StandLogix completed an 18-month pilot with MGMA, an Englewood-based health-care industry association, in early 2018. The result? "We were able to drive a 294 percent increase in movement," Carver says, which translates to employee wellness. "Your body is designed to move."

Shelly Waggoner, vice president of human resources and customer experience at MGMA, says the organization began buying standing desks in the mid-2010s and now has about 30 in all.

Gamification more than doubled user engagement during the pilot. "The bottom line is the more we gamified it, the better results we got," Waggoner says. There were rewards, but Waggoner says "bragging rights" proved an even bigger motivator.

Moving workers means more productive workers: MGMA employees reported being more productive, aware and alert using the StandLogix system. It also made for better return on investment on pricey standing desks.

"They talk about how they feel more energized," Waggoner says. "Our staff continues to use them. I continue to have a wait list of people who want them."

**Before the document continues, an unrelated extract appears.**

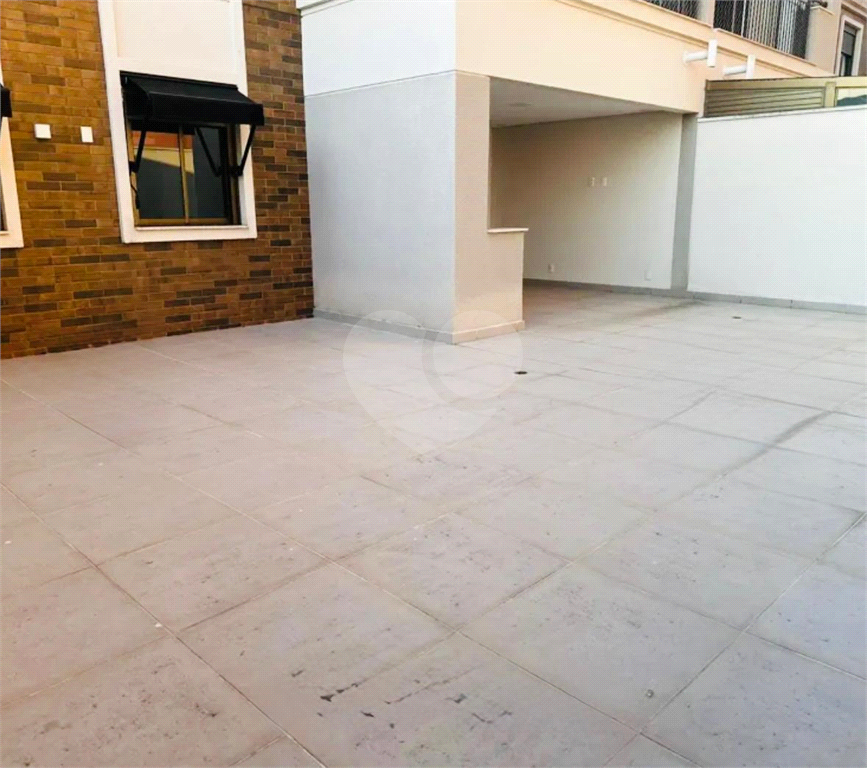 Apartamento à venda com 2 quartos, 145m² - Foto 9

Munger and Carver refined the platform in 2018 for an early 2019 launch. The long-term plans are to sell the platform to manufacturers of standing desks and the anonymized data to insurers.

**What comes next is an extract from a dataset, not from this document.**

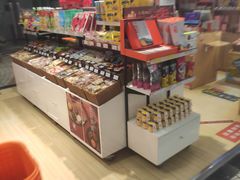零售区-来伊份(龙之梦长宁店)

"We're creating a unique physical activity data stream of people working at desks," Carver says. About 80 million people work at desks in the U.S., he adds, and each sedentary employee costs companies $3,500 annually. "We allow self-insured employee groups to leverage this data for stop-loss insurers."

The Market: Standing desks are the fastest growing HR benefit since 2016, according to the Society for Human Resource Management. Carver says industry analysts estimate there will be 11.3 million standing desks worldwide by 2020. The market is growing at a double-digit rate and forecast to hit $3 billion by 2025.

But the StandLogix business model is tied more to the data play. Insurers are "not in the business of making less money," Carver says. "They're in the business of retaining customers."

Financing: "We've brought in about $400,000 in seed capital," Carver says. He says StandLogix will pursue a Series 
A round or strategic investment in the neighborhood of $1 million in early 2019.